ファッション

ジャパンメード116年の粋を極めた4シリーズに注目 日本眼鏡のレジェンド「マスナガ」の進化

 日本の眼鏡産業の祖、増永眼鏡の強みは、創業から116年の歴史で培った技術力と普遍的なデザイン性だ。伝統とモダンを融合した独自のモノ作りをさらに進化させた今春の新作が、注目を集めている。

 主力のシリーズは4つ。デザイナーの故高田賢三氏をディレクターに迎えて8年前にスタートした「マスナガ デザインド バイ ケンゾータカダ(MASUNAGA DESIGNED BY KENZO TAKADA)」は、同社の今のクリエイションを象徴するコレクションだ。高田氏は眼鏡デザインに意欲的で、春の新作は生前に残した豊富なアイデアを増永眼鏡のデザインチームが商品化したもの。高田氏が常にこだわっていたのは、ラグジュアリーな眼鏡の表現と日本の伝統文化に対するオマージュ。パントシェイプとクラウンシェイプを合わせた新作のオールメタルフレームは、ダブルフロントリムによって空間を作ることで、日本的な“間”の美学を表現したデザインがポイントだ。

 創業年を冠した「マスナガ シンス 1905 (MASUNAGA SINCE 1905)」は、ニューヨークの代表的な建物の1つであるフラットアイアン・ビルディングからインスピレーションを得たデザイン。全てのパーツを異なるチタン素材で構成した繊細な色のコントラストと、スライド式のヨロイ(フレームとテンプルがつながる部分)にリムロックがドッキングされた新しい機構が特徴だ。

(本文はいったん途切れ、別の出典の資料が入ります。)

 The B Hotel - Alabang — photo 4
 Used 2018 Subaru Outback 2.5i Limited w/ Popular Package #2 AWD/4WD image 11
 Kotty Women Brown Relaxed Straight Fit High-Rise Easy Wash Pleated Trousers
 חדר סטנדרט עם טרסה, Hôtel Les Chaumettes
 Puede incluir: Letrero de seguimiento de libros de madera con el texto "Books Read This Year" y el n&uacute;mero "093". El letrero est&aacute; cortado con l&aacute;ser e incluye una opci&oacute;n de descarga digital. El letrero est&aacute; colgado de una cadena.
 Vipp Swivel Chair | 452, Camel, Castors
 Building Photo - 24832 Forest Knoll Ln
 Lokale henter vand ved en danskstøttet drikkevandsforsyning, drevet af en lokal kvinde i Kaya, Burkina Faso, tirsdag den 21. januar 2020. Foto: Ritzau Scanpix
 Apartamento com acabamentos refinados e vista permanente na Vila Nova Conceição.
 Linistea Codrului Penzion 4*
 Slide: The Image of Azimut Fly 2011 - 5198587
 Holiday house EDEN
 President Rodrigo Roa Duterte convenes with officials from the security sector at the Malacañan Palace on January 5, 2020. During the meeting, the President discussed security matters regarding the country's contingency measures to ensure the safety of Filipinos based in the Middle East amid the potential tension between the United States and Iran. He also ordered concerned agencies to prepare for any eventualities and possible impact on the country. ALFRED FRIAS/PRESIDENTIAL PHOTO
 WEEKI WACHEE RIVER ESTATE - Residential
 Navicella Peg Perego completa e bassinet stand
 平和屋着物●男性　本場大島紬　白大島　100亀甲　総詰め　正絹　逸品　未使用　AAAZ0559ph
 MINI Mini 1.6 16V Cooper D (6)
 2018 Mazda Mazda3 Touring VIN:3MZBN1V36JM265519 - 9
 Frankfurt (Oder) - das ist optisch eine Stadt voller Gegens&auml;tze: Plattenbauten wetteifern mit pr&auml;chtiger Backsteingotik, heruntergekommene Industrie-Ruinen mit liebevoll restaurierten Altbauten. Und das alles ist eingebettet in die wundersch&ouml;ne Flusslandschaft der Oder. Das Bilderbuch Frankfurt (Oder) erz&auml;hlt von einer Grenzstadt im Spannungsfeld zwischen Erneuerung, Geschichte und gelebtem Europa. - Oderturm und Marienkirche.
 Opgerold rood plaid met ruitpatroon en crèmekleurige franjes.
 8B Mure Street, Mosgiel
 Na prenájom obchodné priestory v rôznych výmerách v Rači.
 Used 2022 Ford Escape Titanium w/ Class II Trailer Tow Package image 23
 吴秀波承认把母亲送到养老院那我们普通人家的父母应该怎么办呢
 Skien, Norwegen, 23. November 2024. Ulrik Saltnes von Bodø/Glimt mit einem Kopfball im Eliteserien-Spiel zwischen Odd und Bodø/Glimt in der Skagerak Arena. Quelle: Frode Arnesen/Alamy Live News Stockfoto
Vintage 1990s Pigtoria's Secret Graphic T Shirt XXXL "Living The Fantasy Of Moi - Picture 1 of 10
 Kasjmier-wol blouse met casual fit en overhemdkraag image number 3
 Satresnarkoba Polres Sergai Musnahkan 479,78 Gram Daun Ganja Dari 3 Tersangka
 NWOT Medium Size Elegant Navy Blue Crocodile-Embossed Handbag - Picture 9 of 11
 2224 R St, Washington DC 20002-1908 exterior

 1933年、昭和天皇が福井県を訪問した記念に献上された3本のラウンドフレームをルーツとする「ジーエムエス(G.M.S.)シリーズ」は、フロントの生地の厚みを計算しながら幅を細く設計することにより、強度を保ちつつ軽量でソフトな掛け心地を実現した。デザインと機能性のバランスが計算された仕上がりだ。

 70年に開催された大阪万博の松下館の企画で使用された“カスタム72”の後継モデルとして誕生した「光輝(KOKI)シリーズ」の新作は、クラシックとモダンを独自の解釈で融合したビッグスクエアのサングラスが代表的だ。熟練の眼鏡職人が丹念に磨き上げて繊細なシルエットを描き出したフロントは、黒の存在感が際立つ。

 増永眼鏡はスイス、アメリカ、マレーシア、香港にオフィスを構え、世界最大級の国際眼鏡展ミド(MIDO)に長年参加して、販売先は世界30カ国以上。売り上げは、海外が国内を上回っている。進化するジャパンメードのクリエイションは、グローバルに評価を高めている。